Workforce Shortages Complicate Thai Logistics Development (Current Issue No. 2364 Full ed.)

Expanding domestic and international transport has fueled growth in Thai logistics business. Urbanization has had a dominant role in driving expansion in large retail and real estate business, which in turn has led to increasing needs toward the transport of commercial freight. International transport has been boosted by Greater Mekong Sub-Region (GMS) route development. New routes have been opened to facilitate the transport of goods with greater efficiency. The upcoming launch of the AEC in 2015 is also multiplying transportation activity as border trade becomes more vigorous. Regulatory revisions that relax cross-border transport controls per the AEC framework will benefit freight transport business.

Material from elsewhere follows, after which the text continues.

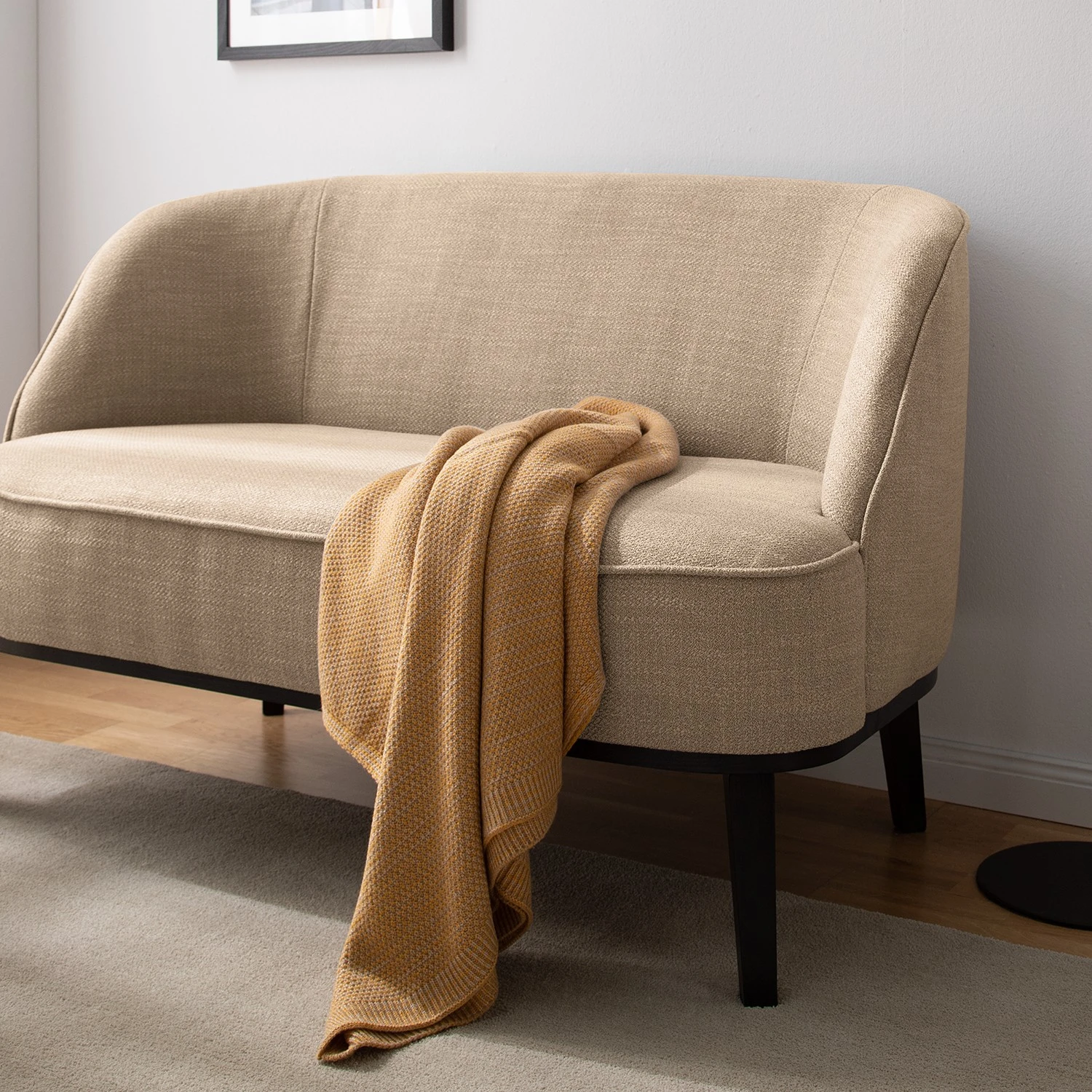 Ridgevalley Sofa Voiteur (2-Sitzer) - Webstoff Noela: Cappuccino - Buche Dunkel 13 Ridgevalley Sofa Voiteur (2-Sitzer) - Webstoff Noela: Cappuccino - Buche Dunkel – Bild 13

Thailand aims to position itself as the region's “Logistics Hub”. For this to happen, we at KResearch believe that we must build a transportation infrastructure that can facilitate logistics to the extent that real cost-cutting is achievable. Recently, the Cabinet approved a bill authorizing the Ministry of Finance to borrow THB2 trillion for infrastructural development projects. To reach our goals, concrete, detailed human development plans will be needed. Any lack of require knowledge or skilled human resources would complicate progress.

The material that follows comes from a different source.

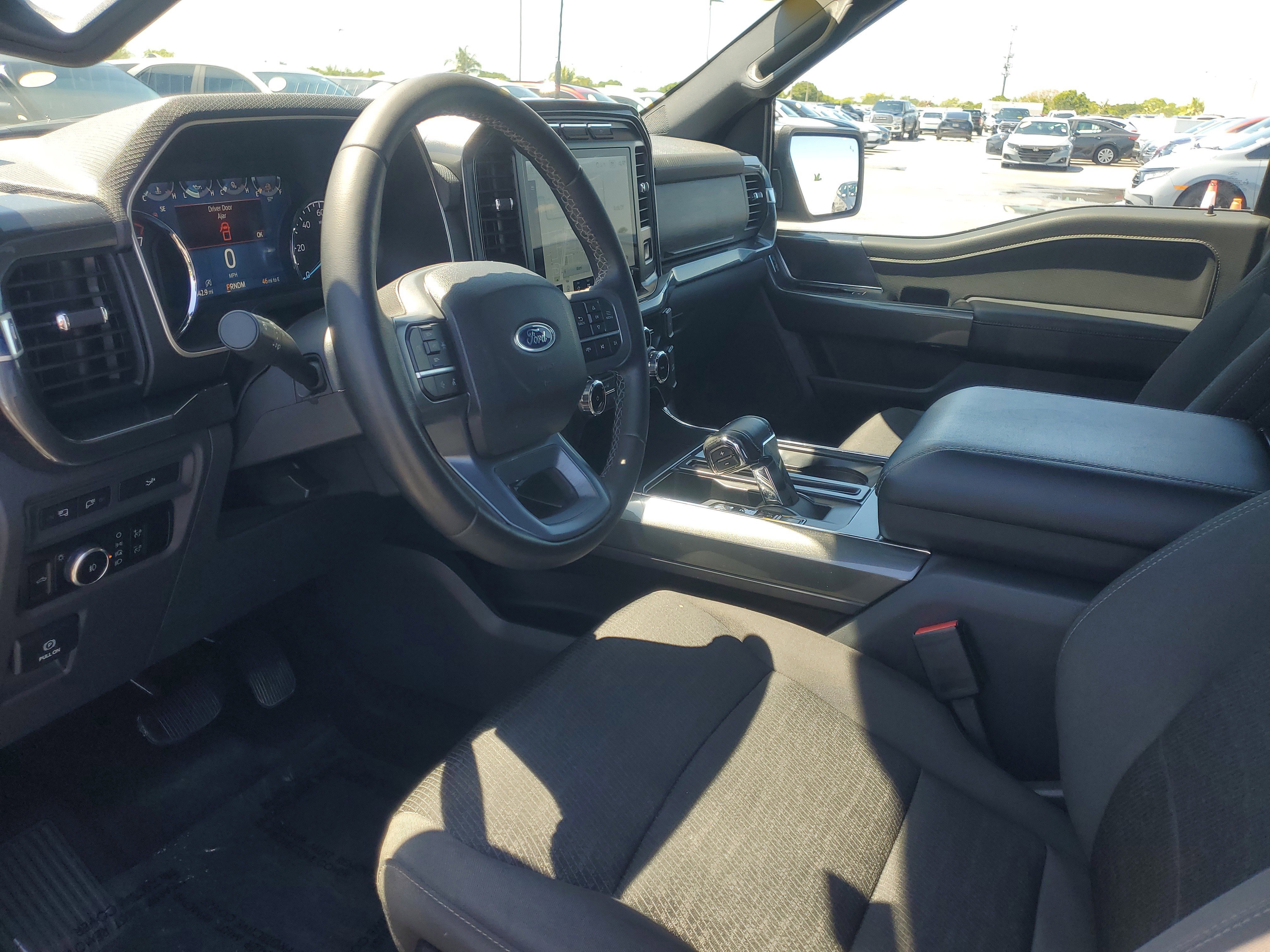 Used 2023 Avalanche Ford XLT image 14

We estimate that Thailand faced a shortfall of 46,795 management personnel and 86,378 operational workers in 2012; our projections for such shortages in 2013 are at 31,071 for management and 71,877 for operation, respectively. The lack of sufficient management resources should not last long, thanks to a rising number of logistics graduates, because universities are training more students in logistics and related coursework. Some labor shortages can also be ameliorated with new graduates from other fields or existing personnel shifting into logistics. Universities and colleges however should devise shorter curricula for logistics, whereby practical knowledge in business is included to produce skilled personnel in time for the AEC.
With regard to operational staff, the situation is graver because the shortages are greater and this level of work involves specific skills sets, making it impossible to solve this problem by filling vacant positions with personnel from other fields. Moreover, the proliferation in transport routes, with domestic and regional land routes in particular, has led to greater demand for logistics personnel. This shortfall is a matter of urgency that will require the attention of relevant agencies to improve professional standards and provide new incentives for personnel in this field.

The business sector, meanwhile, may consider acquiring new logistics technologies to boost their competitiveness, e.g., systems relating to warehousing, transport and packaging that could help counterbalance workforce shortfalls and at the same time increase efficiency and reduce logistics costs.